Abstract

The present study investigates the validity of a test method for smoldering cigarette ignition propensity of upholstery fabrics based on using ‘cotton duck’ fabrics, and proposed by NIST. A comparison was made between the ignition propensity of cigarettes as assessed by (1) a set of 500 upholstery fabrics (chosen at random among typical upholstery fabrics) and (2) a test method proposed by NIST (NIST 851), and based on ‘cotton duck’ fabrics. The set of 500 fabrics can be assumed to be a representative cross-section of the upholstery fabrics available in the early 1990s, while the ‘cotton duck’ fabrics are not typical upholstery fabrics, and it was unclear whether they would behave similarity or differently from upholstery fabrics. Of the 500 fabrics tested, only 145 fabrics were ignitable by cigarettes, all of them predominantly (or completely) cellulosic. This study found that the overall results obtained from the 500-upholstery fabric study correlate well with those of the ‘cotton duck’ study.
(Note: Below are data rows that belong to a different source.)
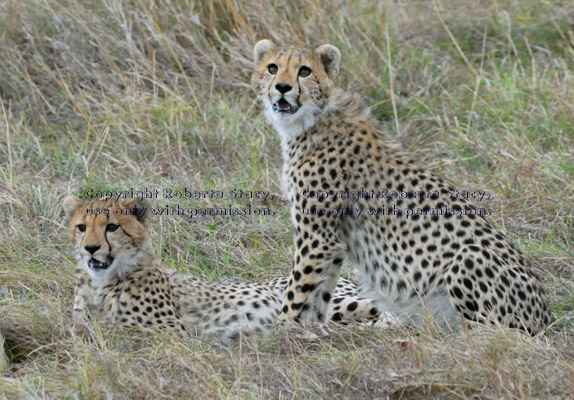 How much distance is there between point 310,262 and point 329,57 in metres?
0.86

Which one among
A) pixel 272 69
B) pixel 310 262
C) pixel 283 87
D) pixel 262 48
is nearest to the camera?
pixel 310 262

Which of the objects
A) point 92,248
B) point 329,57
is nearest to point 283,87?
point 329,57

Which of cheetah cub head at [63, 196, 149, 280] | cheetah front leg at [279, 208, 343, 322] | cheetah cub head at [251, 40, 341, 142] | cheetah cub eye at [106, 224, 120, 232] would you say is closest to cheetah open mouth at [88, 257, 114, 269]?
cheetah cub head at [63, 196, 149, 280]

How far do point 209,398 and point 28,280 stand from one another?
1435mm

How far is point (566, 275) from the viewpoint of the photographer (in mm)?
4297

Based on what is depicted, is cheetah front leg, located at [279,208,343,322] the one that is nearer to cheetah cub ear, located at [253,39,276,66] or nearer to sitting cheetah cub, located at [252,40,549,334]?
sitting cheetah cub, located at [252,40,549,334]

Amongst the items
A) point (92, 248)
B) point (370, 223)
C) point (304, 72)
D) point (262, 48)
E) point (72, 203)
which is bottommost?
point (370, 223)

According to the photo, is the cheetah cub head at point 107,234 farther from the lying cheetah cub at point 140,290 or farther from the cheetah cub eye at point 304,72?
the cheetah cub eye at point 304,72

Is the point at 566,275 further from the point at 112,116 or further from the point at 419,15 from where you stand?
the point at 419,15

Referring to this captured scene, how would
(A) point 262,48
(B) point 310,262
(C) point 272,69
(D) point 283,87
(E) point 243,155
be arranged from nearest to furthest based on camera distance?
(B) point 310,262
(D) point 283,87
(C) point 272,69
(A) point 262,48
(E) point 243,155

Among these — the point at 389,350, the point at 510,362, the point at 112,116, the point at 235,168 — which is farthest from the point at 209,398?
the point at 112,116

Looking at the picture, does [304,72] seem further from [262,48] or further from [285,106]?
[262,48]

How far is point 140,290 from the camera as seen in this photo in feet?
13.1

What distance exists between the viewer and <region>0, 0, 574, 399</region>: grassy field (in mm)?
3250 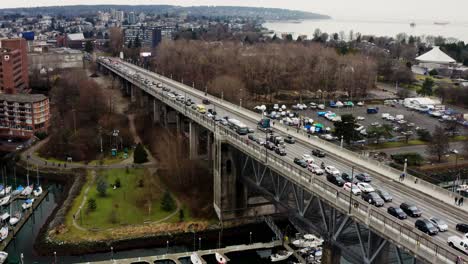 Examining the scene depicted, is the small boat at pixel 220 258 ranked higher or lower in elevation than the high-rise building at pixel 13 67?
lower

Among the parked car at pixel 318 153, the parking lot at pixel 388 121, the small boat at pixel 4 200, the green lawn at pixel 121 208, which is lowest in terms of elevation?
the small boat at pixel 4 200

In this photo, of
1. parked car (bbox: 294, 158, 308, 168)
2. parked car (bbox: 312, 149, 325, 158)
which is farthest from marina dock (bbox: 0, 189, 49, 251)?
parked car (bbox: 312, 149, 325, 158)

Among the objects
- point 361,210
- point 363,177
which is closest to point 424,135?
point 363,177

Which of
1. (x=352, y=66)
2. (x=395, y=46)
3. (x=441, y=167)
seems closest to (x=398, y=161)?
(x=441, y=167)

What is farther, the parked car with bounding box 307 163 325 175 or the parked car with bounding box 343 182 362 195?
the parked car with bounding box 307 163 325 175

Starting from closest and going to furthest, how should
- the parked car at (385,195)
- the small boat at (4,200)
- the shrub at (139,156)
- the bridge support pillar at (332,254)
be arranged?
the parked car at (385,195), the bridge support pillar at (332,254), the small boat at (4,200), the shrub at (139,156)

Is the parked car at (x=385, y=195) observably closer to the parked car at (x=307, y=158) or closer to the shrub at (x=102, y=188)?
the parked car at (x=307, y=158)

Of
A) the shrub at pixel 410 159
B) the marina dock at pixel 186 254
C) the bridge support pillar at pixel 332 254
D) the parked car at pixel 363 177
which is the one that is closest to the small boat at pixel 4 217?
the marina dock at pixel 186 254

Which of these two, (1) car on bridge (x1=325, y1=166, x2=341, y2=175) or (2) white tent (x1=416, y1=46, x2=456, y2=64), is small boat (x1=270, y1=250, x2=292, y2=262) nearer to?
(1) car on bridge (x1=325, y1=166, x2=341, y2=175)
Therefore, the ‘cotton ducks’ can be considered, as a whole, to behave similarly to the majority (estimated at perhaps 80%) of the upholstery fabrics available at the time of the study, and the test is valid. In this study it was also found that the ‘cotton duck’ test method correlated well with an earlier cigarette ignition test method, shown to be a good predictor of full-scale upholstered furniture cigarette ignition results, when using a set of five cigarettes. Finally, a fabric density threshold was found, above which the percentage of ignitions of cellulosic fabrics, the percentage of cellulosic fabrics that are ignitable and the flame spread rate of fabrics in a flaming ignition test are all unaffected. © 1997 John Wiley & Sons, Ltd.